Goal of the exercise: In the records below, the lines from the one containing "Ferienwohnung in Malente" through the last are to be reproduced exactly and alone.

▬▬▬▬▬▬

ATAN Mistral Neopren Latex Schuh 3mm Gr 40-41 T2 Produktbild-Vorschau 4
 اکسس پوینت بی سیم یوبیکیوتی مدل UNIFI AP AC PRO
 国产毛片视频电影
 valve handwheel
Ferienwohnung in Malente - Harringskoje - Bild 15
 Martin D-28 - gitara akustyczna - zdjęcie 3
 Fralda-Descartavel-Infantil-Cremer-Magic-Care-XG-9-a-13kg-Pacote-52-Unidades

▬▬▬▬▬▬

Problem solution:
Ferienwohnung in Malente - Harringskoje - Bild 15
 Martin D-28 - gitara akustyczna - zdjęcie 3
 Fralda-Descartavel-Infantil-Cremer-Magic-Care-XG-9-a-13kg-Pacote-52-Unidades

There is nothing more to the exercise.